## Task objective:
Restate all of the entries exactly, dropping any pictures they hold.

***** Task material *****

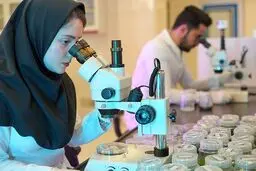سالیانه تا 10 درصد به بار انجام آزمایش های پزشکی اضافه می شود

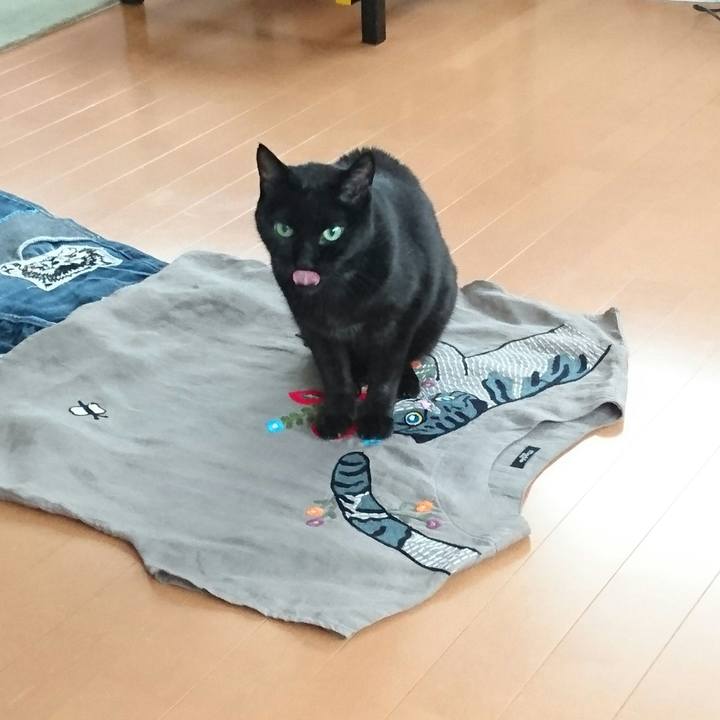 971c591b 58f7 4cdc 80fd 06620f0b9f55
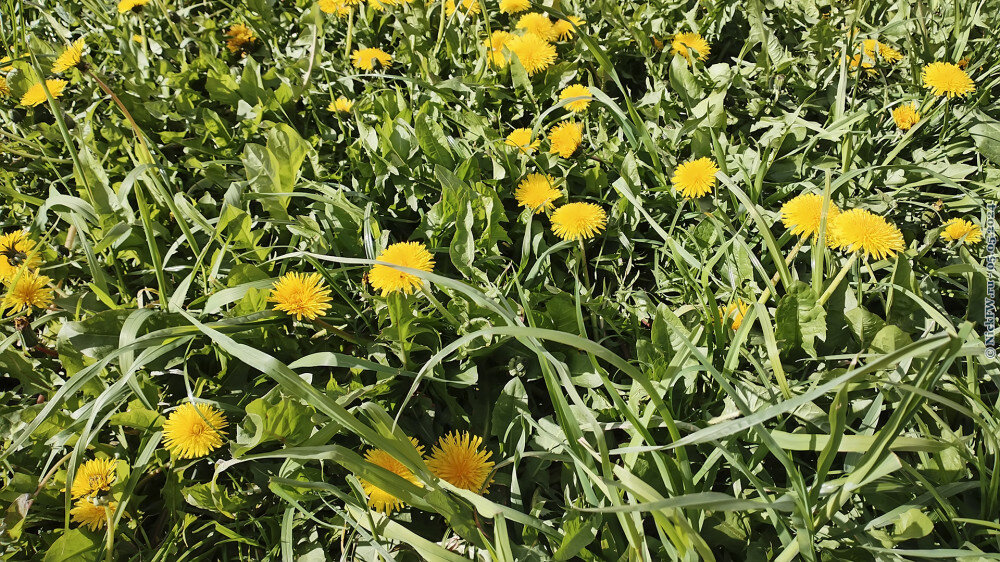 2. Одуванчик... © NickFW.ru — 05.05.2024г.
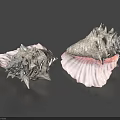 Elegant Decorative Ornament Set With Spiked Conch Shells Pink Interior Gray Exterior Tabletop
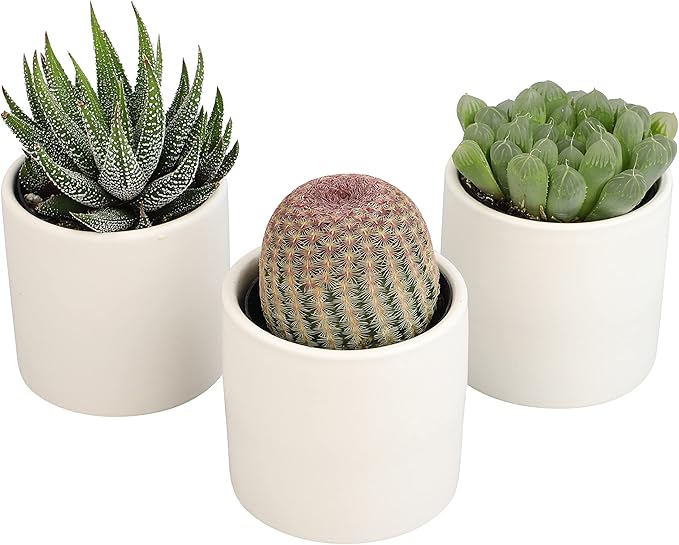 Plants for Pets Live Low Light House Plants in Ceramic Succulent Pots (3 Pack), Gasteria Succulent Plant and Cactus Plants Live with Potting Soil, Haworthia Succulents for Indoor Growing Home Décor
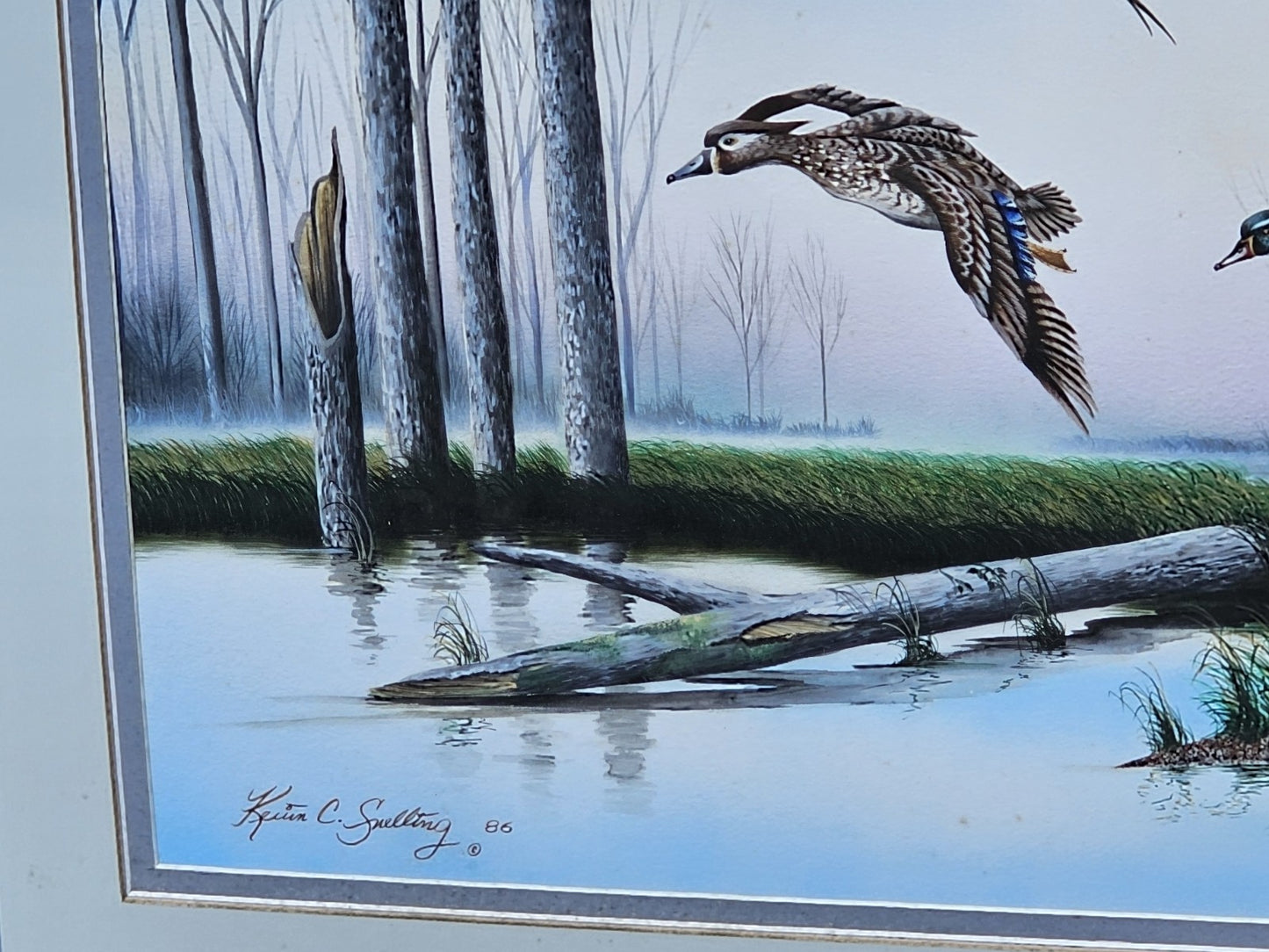 Original Watercolor Painting Of Wood Ducks Chesapeake Bay Area MD Kevin Snelling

*****

## Problem solution:
سالیانه تا 10 درصد به بار انجام آزمایش های پزشکی اضافه می شود

 971c591b 58f7 4cdc 80fd 06620f0b9f55
 2. Одуванчик... © NickFW.ru — 05.05.2024г.
 Elegant Decorative Ornament Set With Spiked Conch Shells Pink Interior Gray Exterior Tabletop
 Plants for Pets Live Low Light House Plants in Ceramic Succulent Pots (3 Pack), Gasteria Succulent Plant and Cactus Plants Live with Potting Soil, Haworthia Succulents for Indoor Growing Home Décor
 Original Watercolor Painting Of Wood Ducks Chesapeake Bay Area MD Kevin Snelling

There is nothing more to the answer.